天皇のプレッツェル
イラク戦争の時のブッシュの演説を聞いていて「かっこいいなあ」と思ったことが何度もあります。「いかんいかん」と思うのですが、かっこいいものはかっこいい。「本来は望む戦いではないが、こうなってしまってはしかたない。私はしりぞくことはせず戦う」という静かで断固とした決意がシンプルな言葉で語られていました。
ハリソン・フォードがテロリストと戦う大統領の役を演じた映画がありましたが、ああいう映画に出てくる「かっこいい大統領」の類型によく似ています。ブッシュの演説はプロの演じる大統領と甲乙つげかたいレベルだと思います。狭義のかっこよさではさすがにハリソン・フォードにわずかに劣りますが、ブッシュにはそれを補うだけの「リアリティ」がある。どちらもアメリカ人の心の中にある「大人」のシンボルを体現化する商売ですから、この場合、どちらがプロでどちらがアマチュアなのかよくわかりませんが。
ただ、ハリソン・フォードは撮影が終わったら豪邸の奥にひっこむことができますが、ブッシュの方は24時間営業です。その分だけ、厳しいものがあると思います。だから、プレッツェルを喉につまらせるなんていう、フロイトが生きてたら手を叩いて喜びそうなことをしでかす。いつもいつも沈着冷静な「大人」をやっているので、影の部分が吹き出してくるんですね。そう言えば、パパブッシュも日本に来た時、晩餐会で気持ち悪くなってゲーゲーというかなりカッコ悪いことをしてます。
でも、こういう影の部分をある程度晒せる人格の方が健全な人格ですね。
日本では、国民の心の中の「大人」の象徴は天皇の仕事です。憲法でそんな仕事を決められてしまうあの方も、さぞかし大変だと思います。いや、どうなんだろ。素でやっててああなるのかもしれない。私はあの方よりだいぶ育ちが悪いんで、よくわかりません。

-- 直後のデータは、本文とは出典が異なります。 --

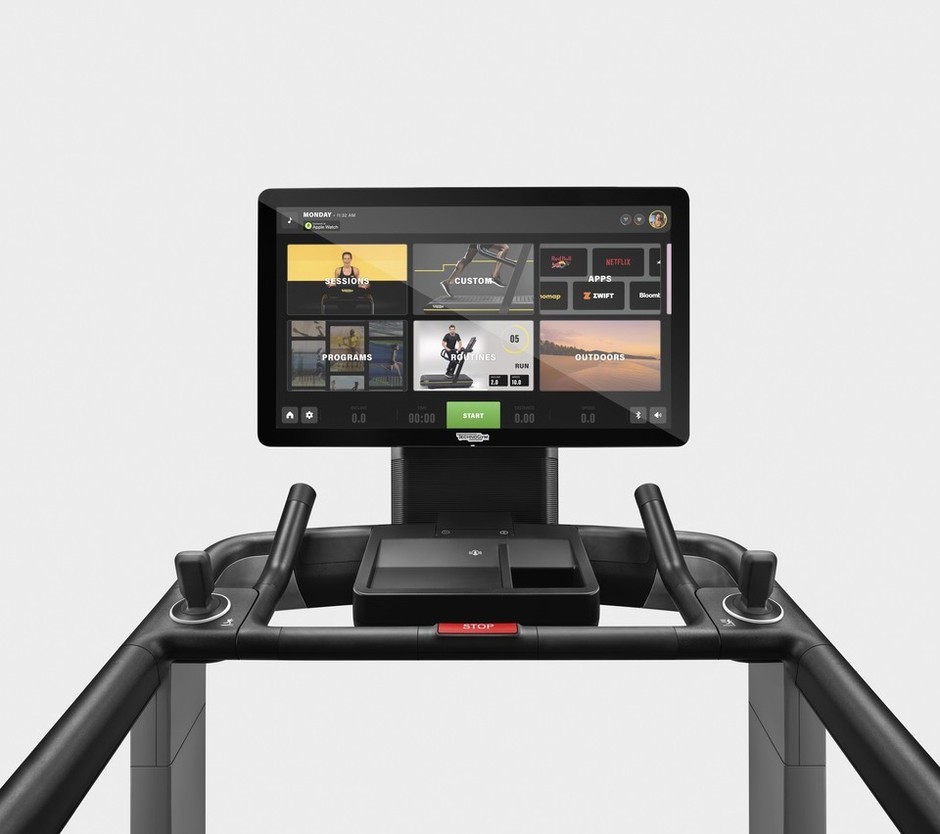 Technogym Run(9)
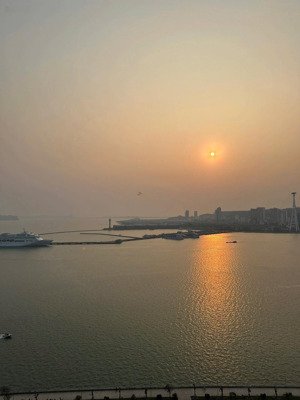 view chính biển k che chắn 1ty8 bàn giao luôn full nội thất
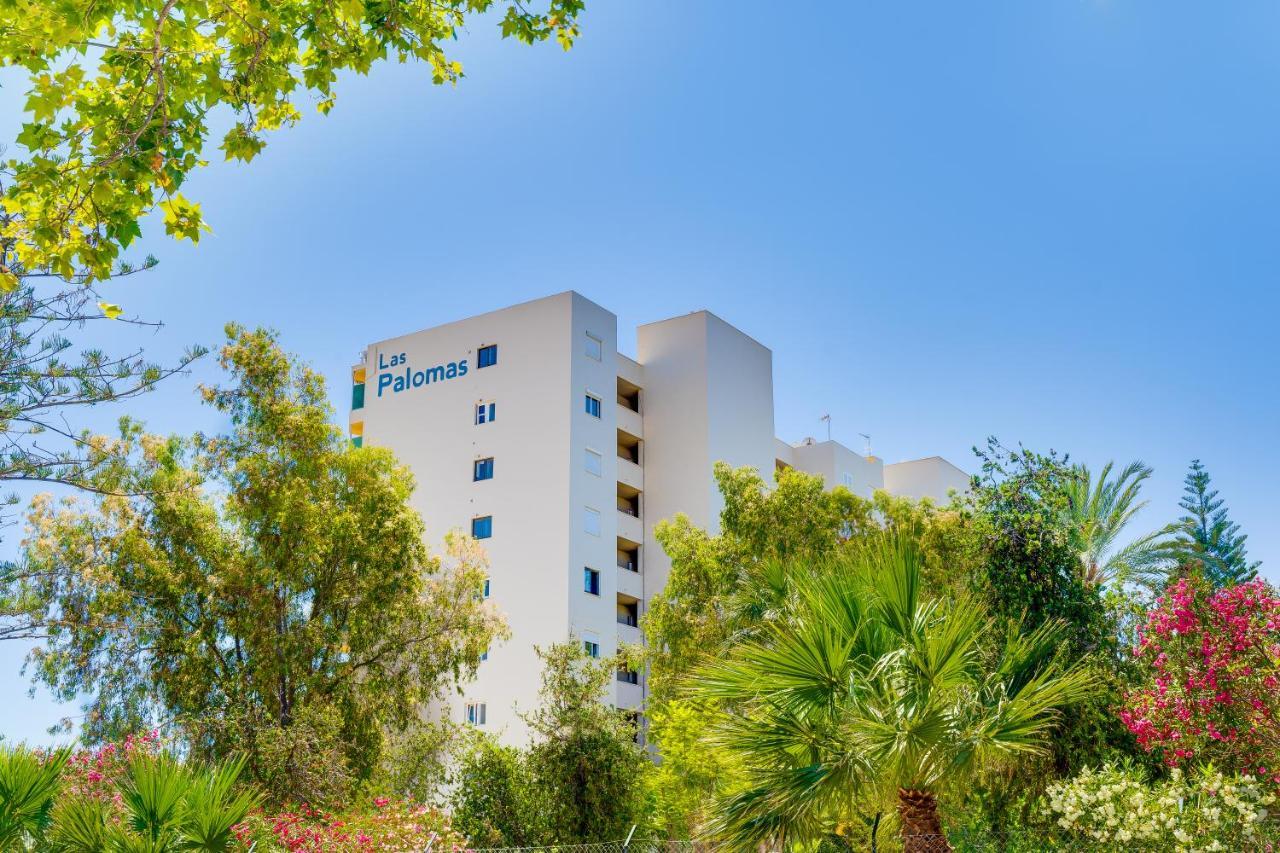 Las Palomas Apartments Econotels Palmanova 외부 사진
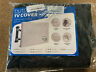 Cover-tv030b Vivo Universal Outdoor Waterproof Weather Resistant Flat Screen Cover Protector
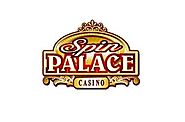 Spin Palace android slots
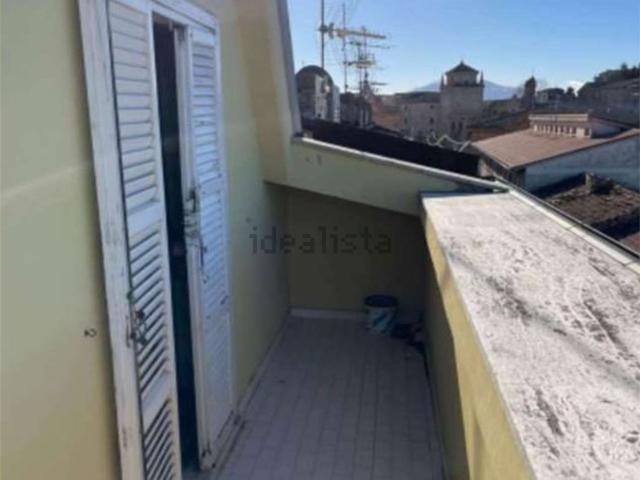 Appartamento in vendita di 115 m² in Via Roma, 52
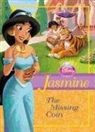 Sarah Nathan, Andrea Cagol, Iboix Studio, Studio Iboix - Jasmine: The Missing Coin
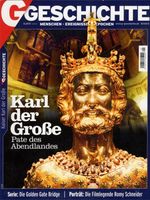 2013-09-00 - Geschichte - N° 9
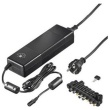 Napájecí zdroj 150W pro notebook 230V na 15-24V Max.8.5A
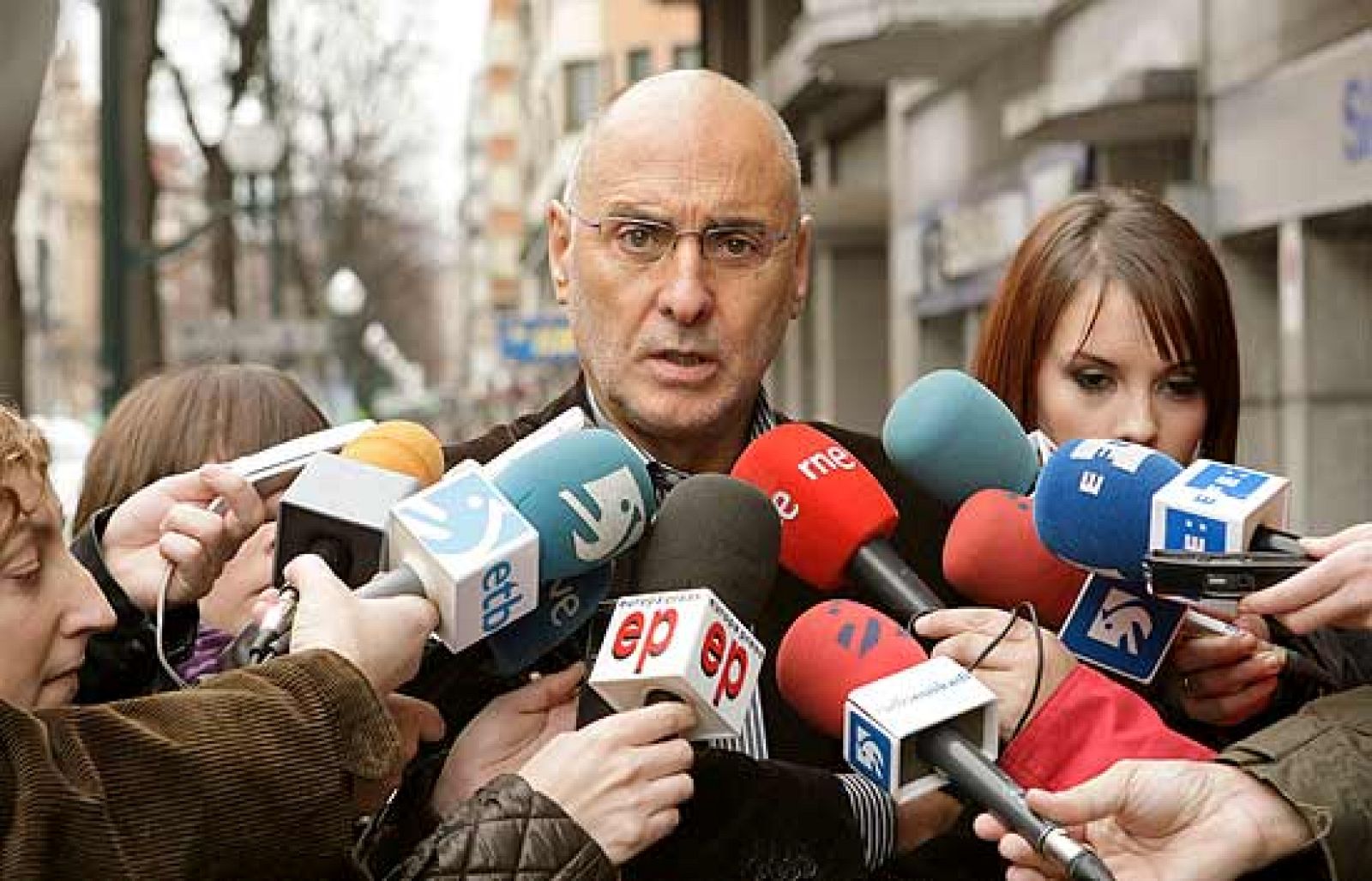 Reacciones al comunicado de ETA | Ver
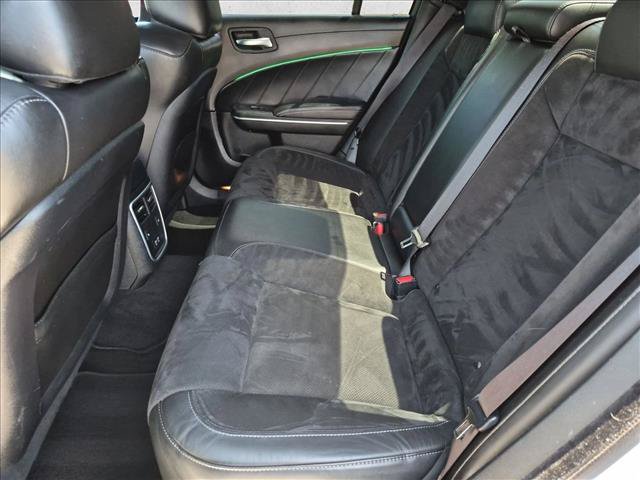 Used 2022 Dodge Charger Scat Pack w/ Plus Group RWD image 19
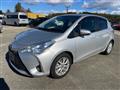 2017 Toyota Vitz
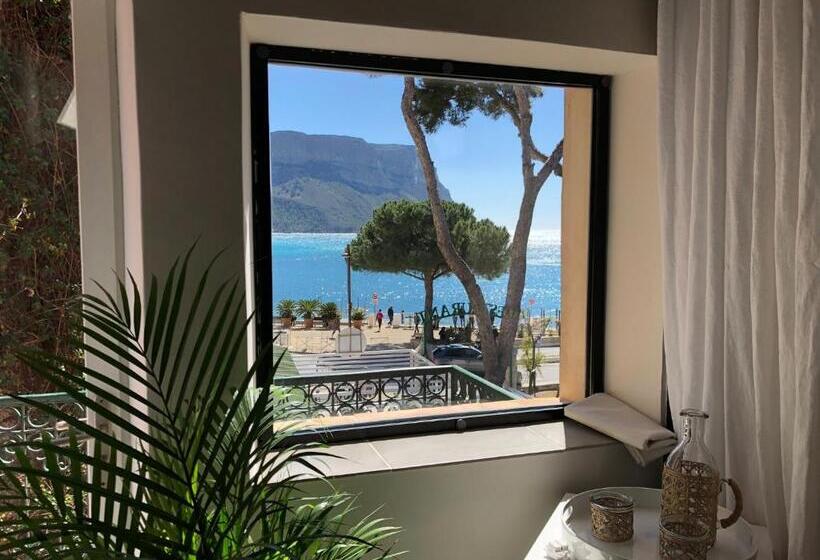 هتل Le Jardin D'emile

天皇にとって「プレッツェル」に相当する「大人」じゃない部分が吹き出した事件が、あるのかないのかそれはわからない。でも、そういう失態があったとしても日本では、なかなか外に出てこないのではないかと思います。例えば、天皇家の日常生活が時々テレビ紹介されますが、パソコンやネットをやっているのかどうかは不明ですよね。
雅子様だったら、あなたや私よりずっとうまくパソコンを使いこなしていても不思議ではないかと思いますが、宮内庁御用達サイトのリンク集なんっていうのは見たことがない。カステラや果物と違って、こういうものには「大人」の選択肢が無いんでしょうね。どういうサイトを選んでも「大人」のイメージに合わない。そういう「象徴」からはずれた「プレッツェル」的なことは、全部隠蔽されているのだと思います。そしてそれは、天皇家や宮内庁の意思ではなく、国民がそういうことを望んでいるのだと思います。
日本で「大人」のイメージが固すぎて狭すぎるのは、そういう事情なのかもしれません。でも最近は、「ひろゆき」という「ひろひと」の影の部分を受け持つ人がいるので、アメリカよりトータルで健全な表現のある国になったと思うこともありますが。